Celebrating with your kids

By V. Garcia- Assistant Publisher December 27, 2019

Traditionally, New Year’s Eve is considered a holiday for grownups. True, midnight is past most kids’ bedtimes, but there are still plenty of fun ways to usher in the New Year with children.

Party Activity Ideas

1. Here are some fun ideas for creating New Year's Eve traditions for families with kids:

2. Have the kids spend time scrap-booking their memories from the previous year or making time capsules that will be remain sealed until the children turn 18--or at least until the next New Year's Eve.

3. Get fancy! Play dress up with young children. Bring out the bow ties, high heels, feather boas, lipstick, and pearls. Make it even more exciting by adding a photo booth!

4. Hold a mock New Year’s Eve for young children, celebrating at 7 or 8 p.m. instead of midnight.

5. Make a ball-shaped piñata that resembles the big ball that drops in New York City. You can even have the kids help you decorate it with paint, sparkly beads and glitter, at midnight, let the kids bang it open.

6. Use a balloon drop kit or make your own by filling some netting or a plastic tablecloth with inflated balloons. Tape the balloon-filled net to the ceiling in the party room and release them when guests reach the end of their midnight countdown.

7. Have kids make their snack bags to open up and enjoy at midnight. They can fill brown paper lunch bags with treats such as New Year’s cookies or winter trail mix. Have them draw their countdown clocks on circles cut out of card stock or sheets of foam, and paste them into the bags.

8. Have kids help paint the numbers on the cookies for this cake, then take one off and eat it for every hour that passes. At midnight, it's finally time to cut and enjoy the rest of the cake!

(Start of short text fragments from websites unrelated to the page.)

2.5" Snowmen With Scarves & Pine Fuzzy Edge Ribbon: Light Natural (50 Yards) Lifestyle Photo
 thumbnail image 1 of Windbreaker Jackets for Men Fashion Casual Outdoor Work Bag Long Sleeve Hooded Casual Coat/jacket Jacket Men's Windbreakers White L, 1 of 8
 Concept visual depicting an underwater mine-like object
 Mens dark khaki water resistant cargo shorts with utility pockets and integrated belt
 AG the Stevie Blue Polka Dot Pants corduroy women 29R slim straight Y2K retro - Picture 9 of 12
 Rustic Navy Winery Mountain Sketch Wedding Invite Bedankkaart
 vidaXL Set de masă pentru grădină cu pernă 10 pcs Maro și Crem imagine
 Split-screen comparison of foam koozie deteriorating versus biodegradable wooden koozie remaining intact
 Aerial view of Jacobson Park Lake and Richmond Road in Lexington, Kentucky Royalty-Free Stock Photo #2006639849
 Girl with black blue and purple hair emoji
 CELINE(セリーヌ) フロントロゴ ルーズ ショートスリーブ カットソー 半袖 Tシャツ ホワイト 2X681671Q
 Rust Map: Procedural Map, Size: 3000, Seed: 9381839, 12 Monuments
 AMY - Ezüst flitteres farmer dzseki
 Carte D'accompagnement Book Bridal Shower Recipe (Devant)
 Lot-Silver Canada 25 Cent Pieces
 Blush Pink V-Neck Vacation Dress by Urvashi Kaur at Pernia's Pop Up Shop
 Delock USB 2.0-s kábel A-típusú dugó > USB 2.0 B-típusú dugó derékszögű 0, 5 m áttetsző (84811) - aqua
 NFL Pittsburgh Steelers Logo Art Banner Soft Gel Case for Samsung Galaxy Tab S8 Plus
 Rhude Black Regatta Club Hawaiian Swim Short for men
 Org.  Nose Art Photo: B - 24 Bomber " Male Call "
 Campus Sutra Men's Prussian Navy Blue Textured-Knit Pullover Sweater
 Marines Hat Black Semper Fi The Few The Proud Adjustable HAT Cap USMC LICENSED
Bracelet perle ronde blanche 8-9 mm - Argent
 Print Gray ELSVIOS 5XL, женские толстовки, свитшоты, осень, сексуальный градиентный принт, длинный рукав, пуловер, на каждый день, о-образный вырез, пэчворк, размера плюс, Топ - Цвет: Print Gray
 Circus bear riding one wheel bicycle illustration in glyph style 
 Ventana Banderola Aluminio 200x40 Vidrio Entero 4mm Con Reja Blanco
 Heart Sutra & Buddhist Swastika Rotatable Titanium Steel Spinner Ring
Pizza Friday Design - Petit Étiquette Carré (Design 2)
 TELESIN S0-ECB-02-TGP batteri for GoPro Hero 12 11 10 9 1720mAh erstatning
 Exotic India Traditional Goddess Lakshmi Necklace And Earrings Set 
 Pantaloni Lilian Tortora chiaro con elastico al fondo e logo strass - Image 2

9. Goal setting. So often it’s just us parents setting goals for the year, but this year I want to get the kids involved too. It doesn’t have to be over the top, just simple goals that work for their age like, what places would they like to visit more? What do they want to do in the afternoons more often? What dinners might they like regularly?

10. Letter to my future self. I’m going to have the kids write a letter about what they hope happens in the next year. They could write about school, their friends and how much they enjoy playing with them or even the dreams they wish will come true. 

Wishing you and yours a very Happy New Year!